Harris was there in 2000 when the Hunley emerged from the ocean for the first time in 136 years – becoming one of the largest intact metal artifacts ever recovered from the seafloor. Standing on a bobbing shrimp boat, he watched with great anxiety as the sub was placed on the deck of a barge before making its way to the Warren Lasch Conservation Center in North Charleston, where it continues to be studied more than 20 years later.
“The H.L. Hunley submarine was such a significant discovery in maritime history, as she was the first successful combat submarine,” says Kellen Butler, president and executive director of Friends of the Hunley. “Since then, a team of scientists has worked in multiple fields like archaeology, conservation, metallurgy and geology to study the vessel. We were very fortunate to have had Dr. Harris on our team back in the early days, and that continues today.”

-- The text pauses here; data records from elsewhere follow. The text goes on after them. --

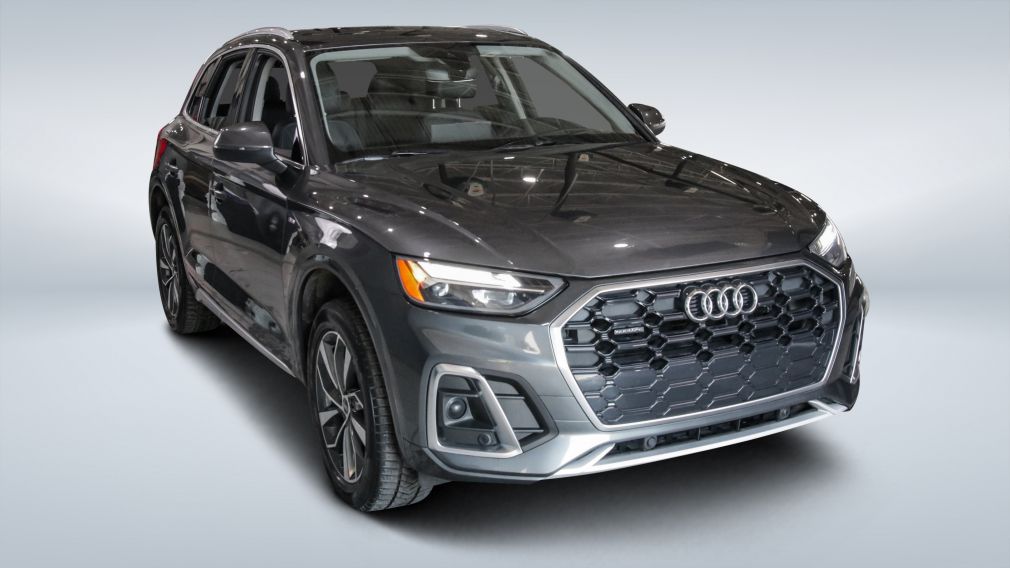 2022 Audi Q5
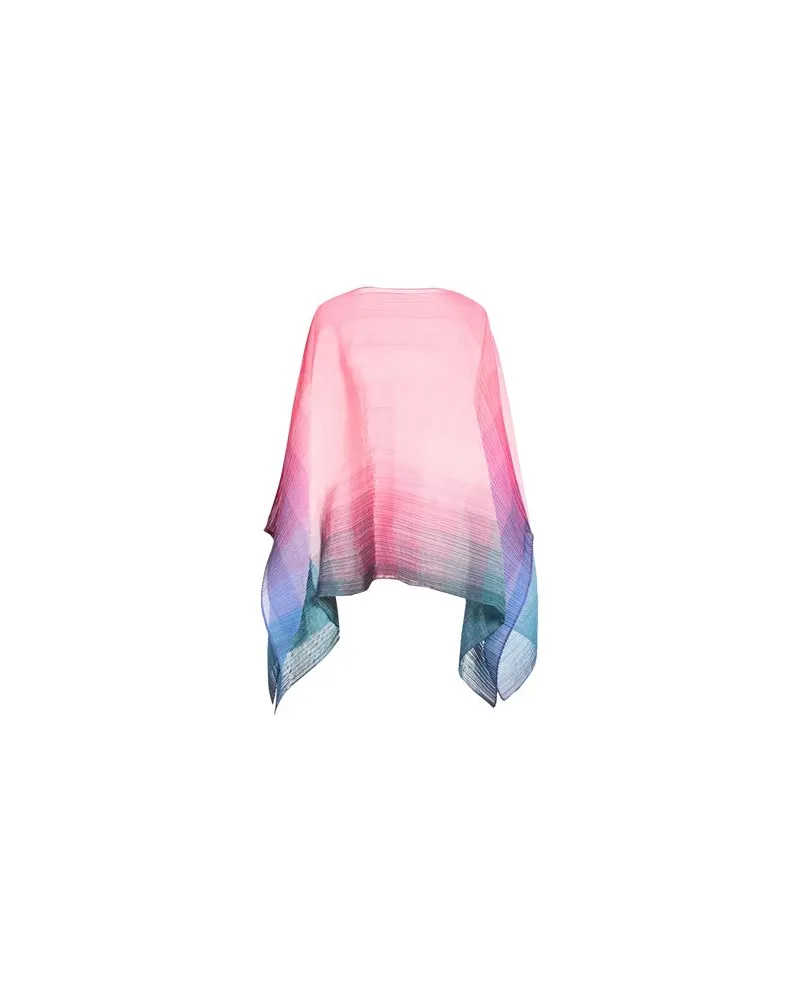 Issey Miyake JACKEN & MÄNTEL - Capesauf YOOX.COM Rosa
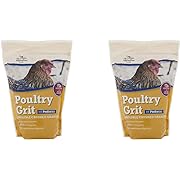 Manna Pro Poultry Grit with Probiotics | Insoluble Crushed Granite | 5 LB (Packaging May Vary) (Pack of 2), Opens in a new tab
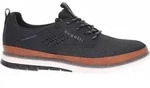 bugatti 311-91660-6900 Sandman - Herren Schuhe Freizeitschuhe - 1000-Schwarz,
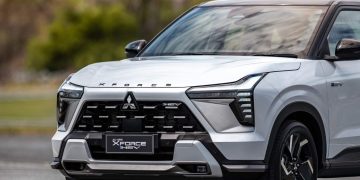 Mitsubishi Xforce HEV Hadirkan 7 Mode Berkendara dengan Konsumsi BBM 1.172 Km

Throughout his involvement with the Hunley, Harris has studied the geological environment in the submarine to help give context to the vessel as an archaeological site.
“Did they settle on the bottom and wait to come up? Or did they immediately flood and go to the bottom? We may never know the answer to that question,” says Harris, “but we do know that sediments came in fairly early. And we know from the presence of microorganisms and from dating of the sediments that the submarine was completely buried within about 25 or 30 years of its sinking.”

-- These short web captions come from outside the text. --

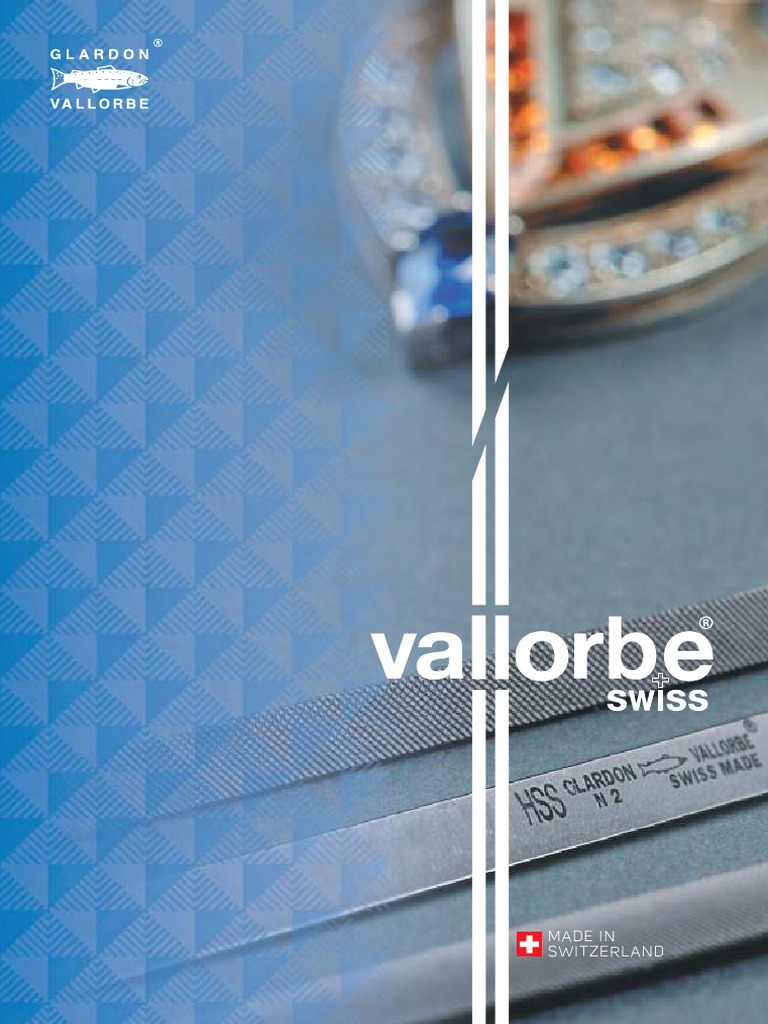 Vallorbe Files | PDF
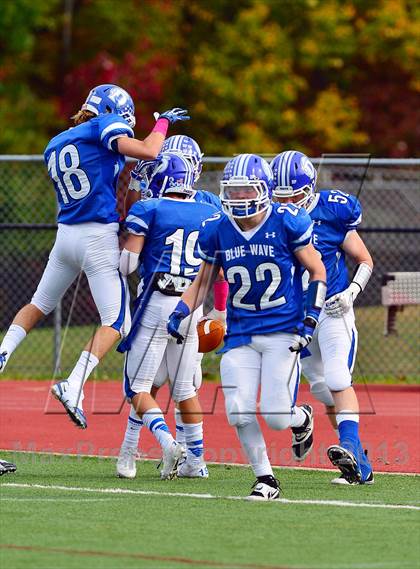 Thumbnail 1 in Trinity Catholic @ Darien photogallery.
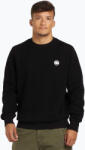 Pitbull West Coast Férfi pulóver Pitbull Small Logo Crewneck black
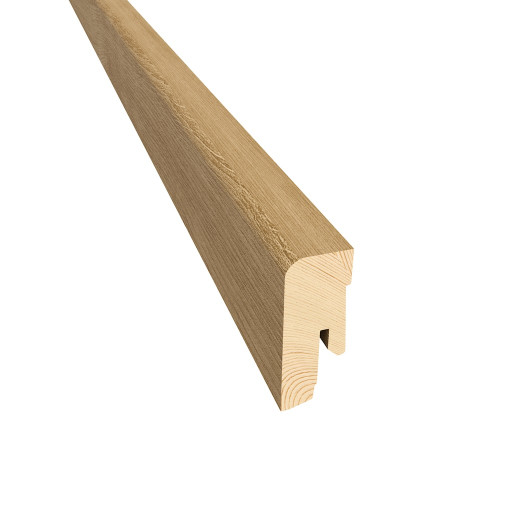 Kahrs Skirtings Skirting Oak Vedbo, Matt Lacquered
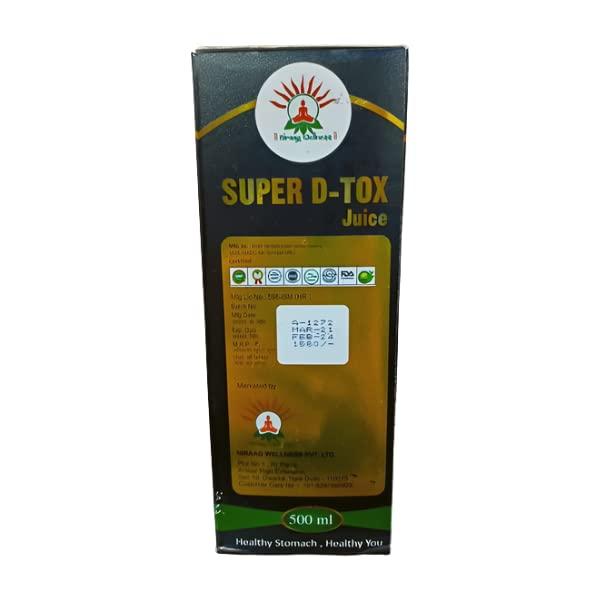 Qyoor Qyoor D-TOX Juice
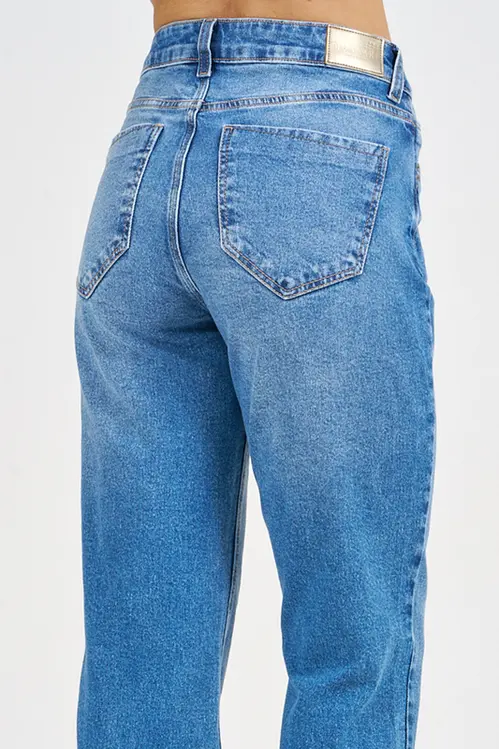 Calça Jeans Skinny Trend CLT5363
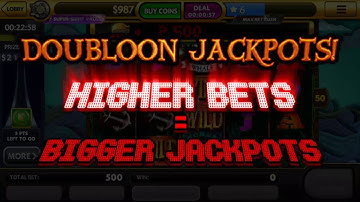 Caesars Slots 🎰 Android Gameplay Vegas Casino Slot Jackpot Big Mega Wins Spins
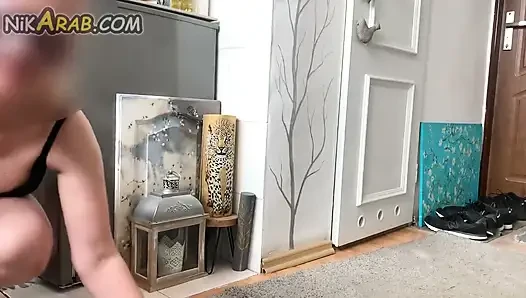 Cute PAWG Lost Control
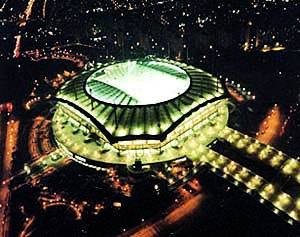 ``Festival Yard for Global Village``, a Stadium of Dream, Opens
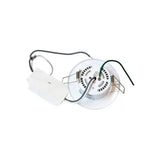 EMPOTRADO TECHO FIJO LED 7W/100-240V. 3000K. BLANCO CALIDO AGLIANO III *** HAE ***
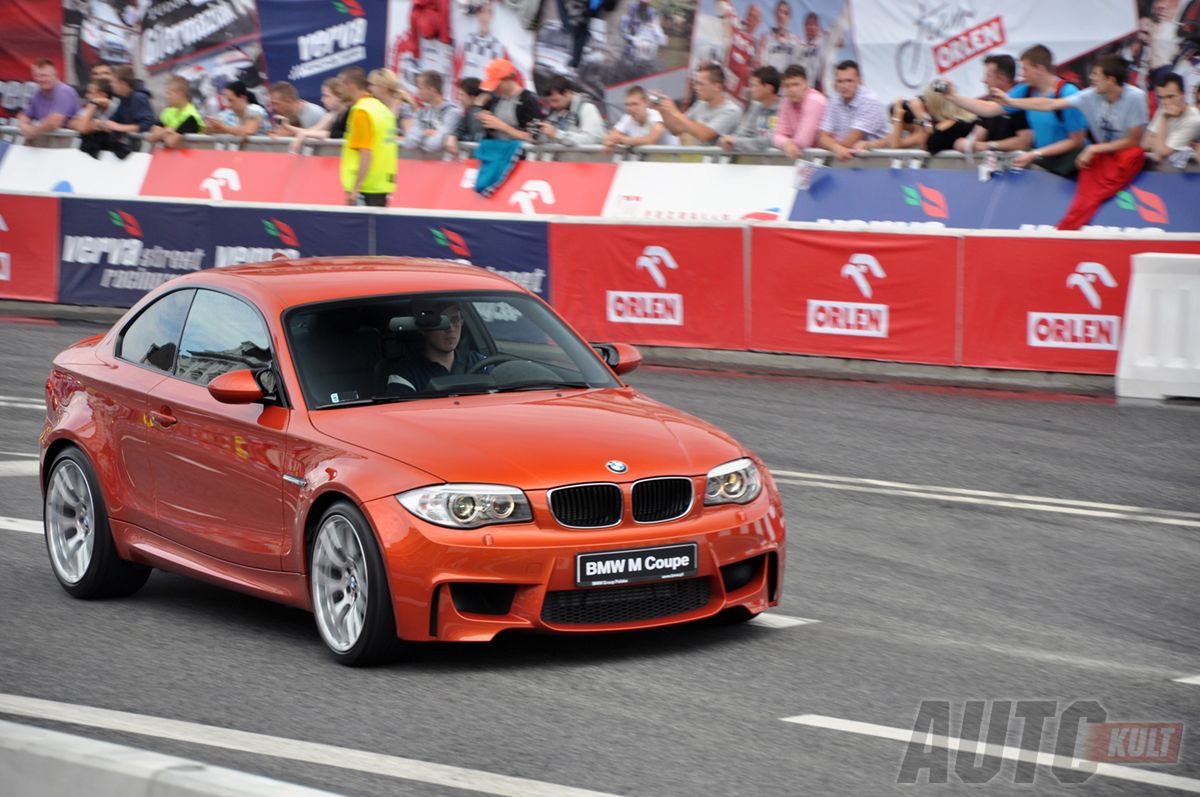 VERVA Street Racing 2011 (Fot. Mariusz Zmysłowski)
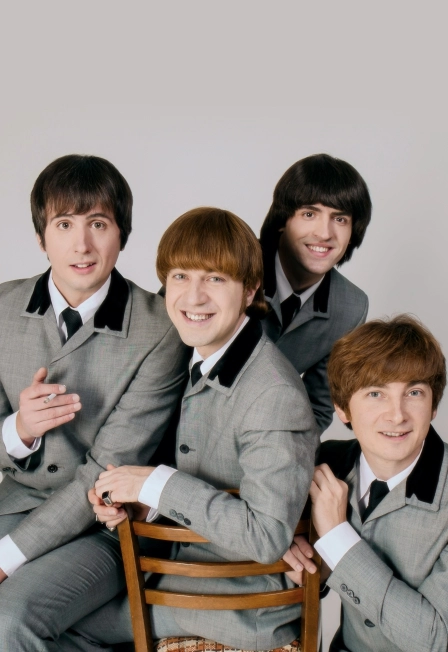 Концерт The Beatles в Екатеринбурге 10 окт 2025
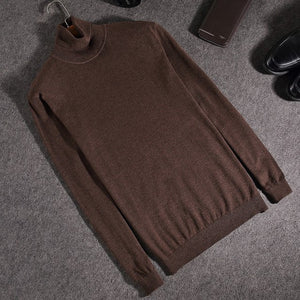Stylish High Necked Sweater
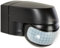 ESYLUX Bewegungsmelder MD 120 schwarz 120 Grad MD Bewegungsmelder komplett 4015120025235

What’s more, says Harris, the way the dirt filled the sub indicates that sediments first came in at the forward conning tower and flowed to the stern, where there was less oxygenation. Those conditions help explain why some artifacts and remains of the crew were more intact than others.

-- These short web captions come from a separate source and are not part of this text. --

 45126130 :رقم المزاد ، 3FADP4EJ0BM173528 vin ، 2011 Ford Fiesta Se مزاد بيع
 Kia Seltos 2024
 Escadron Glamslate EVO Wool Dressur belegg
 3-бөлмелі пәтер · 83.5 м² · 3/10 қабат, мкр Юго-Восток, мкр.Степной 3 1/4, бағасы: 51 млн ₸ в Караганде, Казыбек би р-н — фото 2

That’s where connecting the dots in this latest report could offer researchers new breadcrumbs to follow in the ongoing quest for answers about the Hunley’s fate.
For Harris, this research has become as much about unraveling the mystery of what happened to the submarine and its crew as it has been about the science.
“It’s interesting,” says Harris, explaining why he’s stuck with the project for so long. “And it’s important for the submarine as an artifact and the human beings who were in there.”